(INPUT MATERIAL)
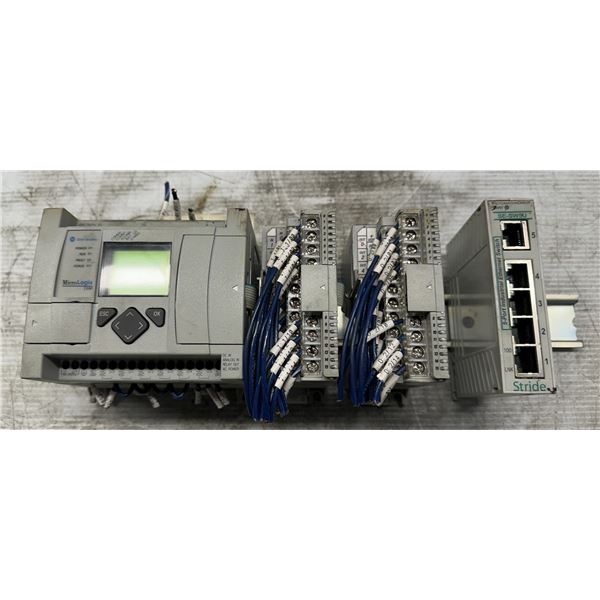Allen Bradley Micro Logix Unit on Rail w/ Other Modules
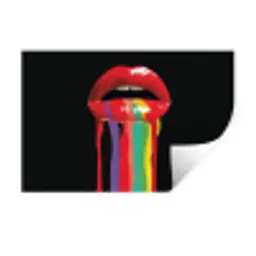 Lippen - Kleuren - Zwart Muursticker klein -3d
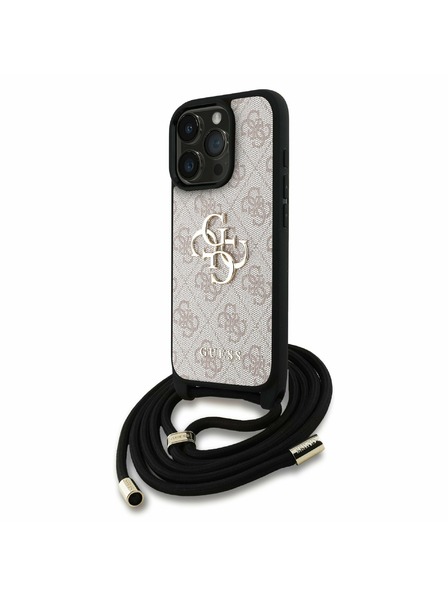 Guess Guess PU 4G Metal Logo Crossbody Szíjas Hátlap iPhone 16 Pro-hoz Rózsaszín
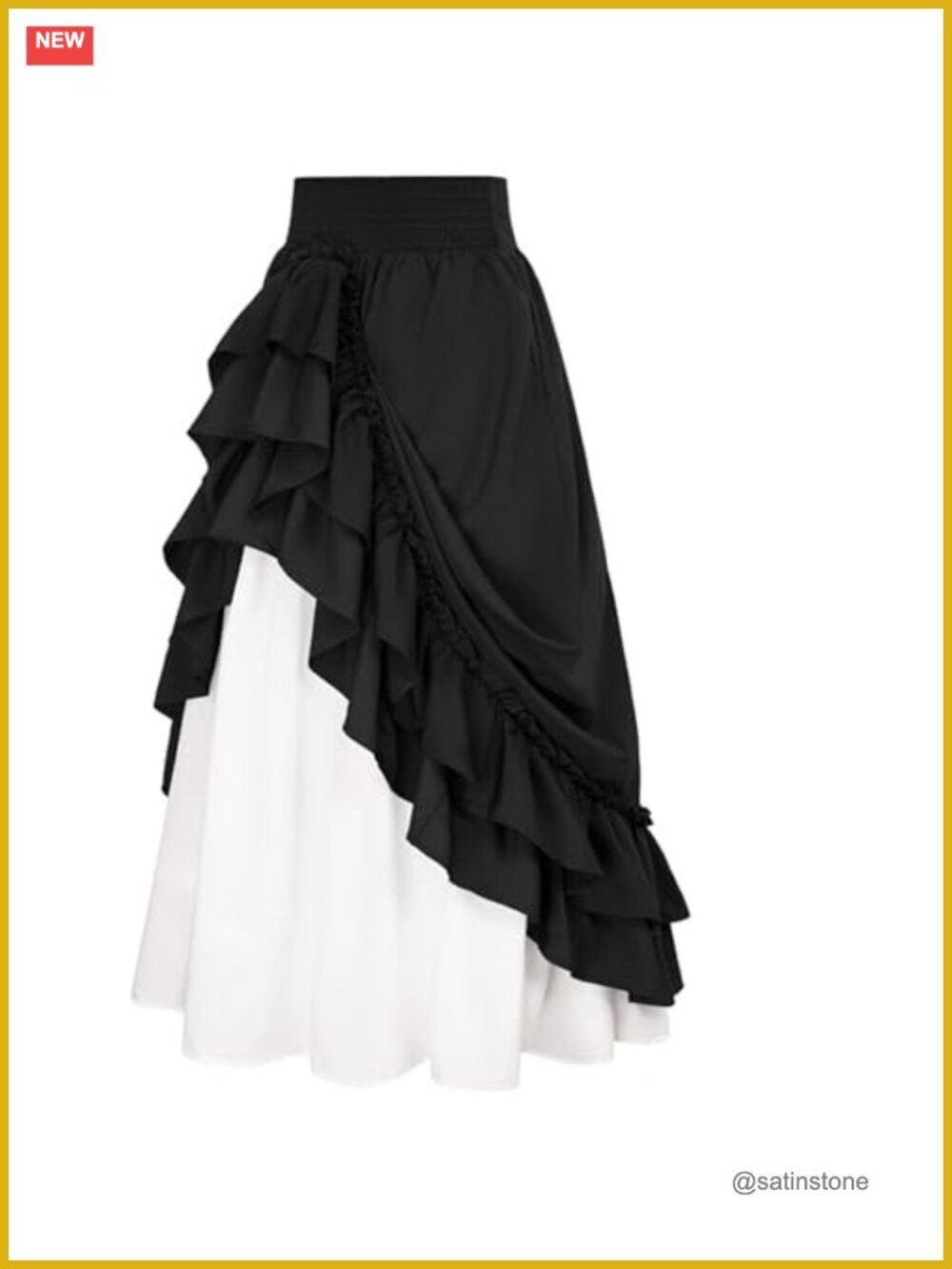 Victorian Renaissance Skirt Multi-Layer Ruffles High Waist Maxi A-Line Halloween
(End INPUT MATERIAL)
(INPUT MATERIAL)
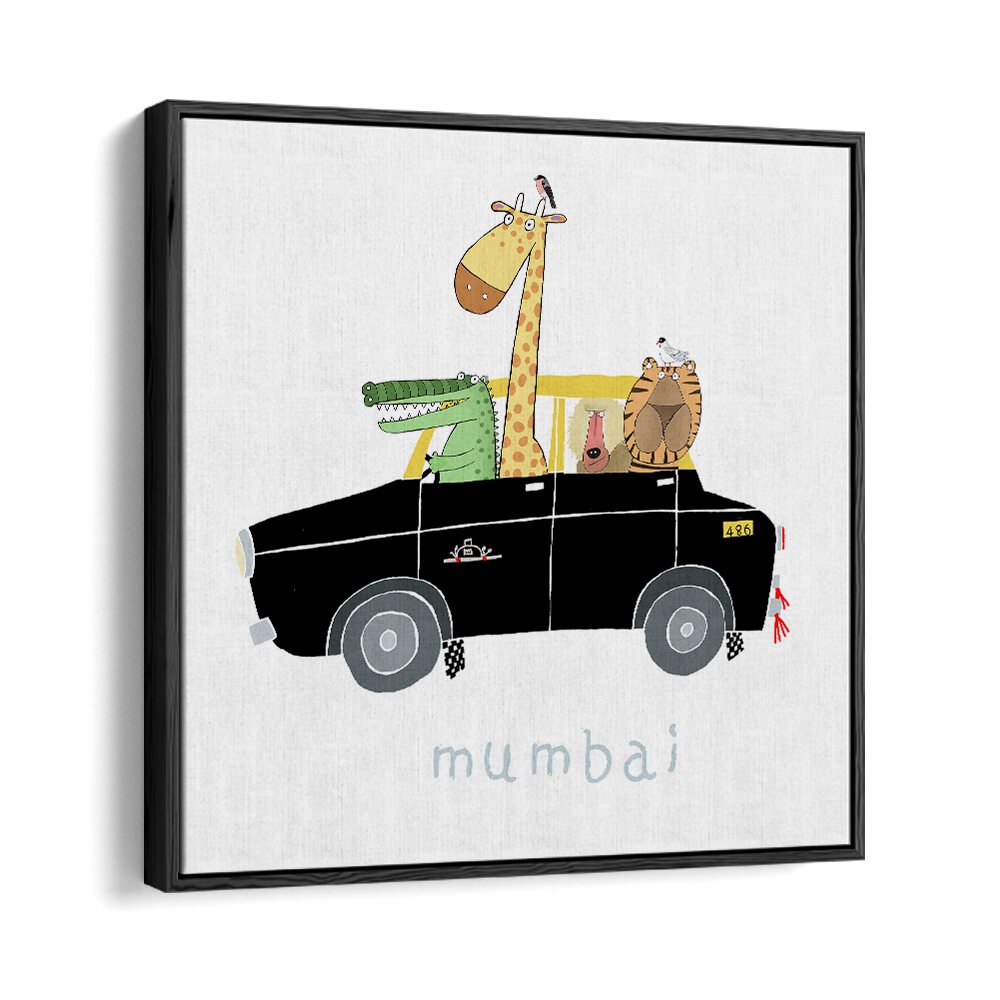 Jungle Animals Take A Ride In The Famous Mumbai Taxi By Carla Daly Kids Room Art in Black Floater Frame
(End INPUT MATERIAL)
**THE TASK**
Give again, exactly as written above, every line from the one holding "Allen Bradley Micro" to the one holding "Victorian Renaissance Skirt", with both ends kept and the pictures left out.

**WRITTEN RESPONSE**
Allen Bradley Micro Logix Unit on Rail w/ Other Modules
 Lippen - Kleuren - Zwart Muursticker klein -3d
 Guess Guess PU 4G Metal Logo Crossbody Szíjas Hátlap iPhone 16 Pro-hoz Rózsaszín
 Victorian Renaissance Skirt Multi-Layer Ruffles High Waist Maxi A-Line Halloween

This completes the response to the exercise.